A system diagram is presented in Figure 13, where a bidirectional inverter with a 48 VDC–220 VAC configuration was connected to the battery and the power grid. The bidirectional inverter enables direct current (DC) to flow back and forth to the battery, allowing surplus electricity from the power grid to be fed to the battery for charging. During a power outage, the electricity stored in the battery is delivered to the load. The UPS was tested by connecting a 1–4 kW load and measuring the voltage and current in each case. Figure 14 depicts the voltage and current of the electrical grid and load. It is observed that the battery can provide electricity to the load instantly, in less than 20 ms after the power grid is turned off, as shown by the reduction of load voltage and current at 150 ms.

Figure 13. Battery prototype for use in uninterruptible power supplies (UPS).

Figure 13. Battery prototype for use in uninterruptible power supplies (UPS).

Figure 14. Voltage and current of 4-kW load connected to a UPS.

Figure 14. Voltage and current of 4-kW load connected to a UPS.

4. Conclusions

Three primary ways to manage retired batteries, including remanufacturing, repurposing, and recycling, were analyzed based on the remaining capacity or battery health.

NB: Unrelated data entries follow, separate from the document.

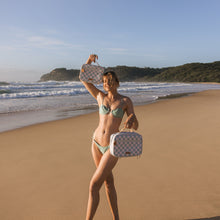 Load image into Gallery viewer, Sage Check Large Lunch Bag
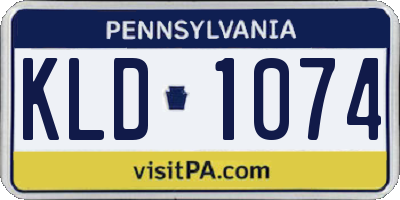 PA license plate KLD1074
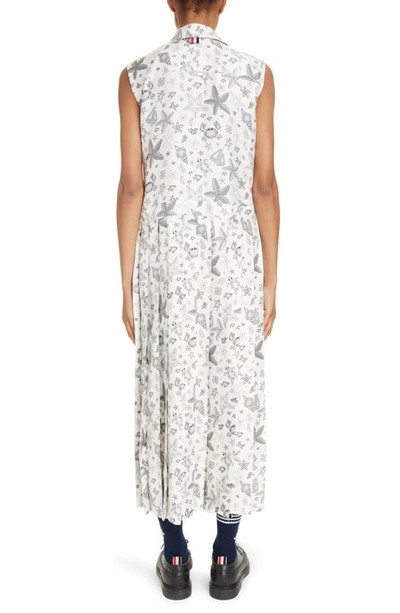 Thom Browne Nautical Crystal Print Sleeveless Pleated Silk Shirtdress In White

This study focuses on exploring the reuse of retired electric vehicle LiBs in Thailand, with a particular emphasis on remanufacturing and repurposing techniques. The retired LiBs from Nissan X-Trail Hybrid cars were implemented to construct the prototype batteries for small electric vehicles (remanufacturing) and energy storage systems (repurposing). Through the performance test, the battery pack was disassembled into module and cell levels, and all disassembled modules were electrically tested under standard conditions to evaluate the SOH of the battery modules. The ten best battery modules (high SOH) were remanufactured in the electric golf cart (eight modules) and motorcycle (two modules), while the rest were repurposed in the uninterruptible power supply (UPS) system. The prototype batteries were successfully tested at laboratory scale and in practical use, demonstrating the technical feasibility of technologies for reusing retired LiBs in Thailand.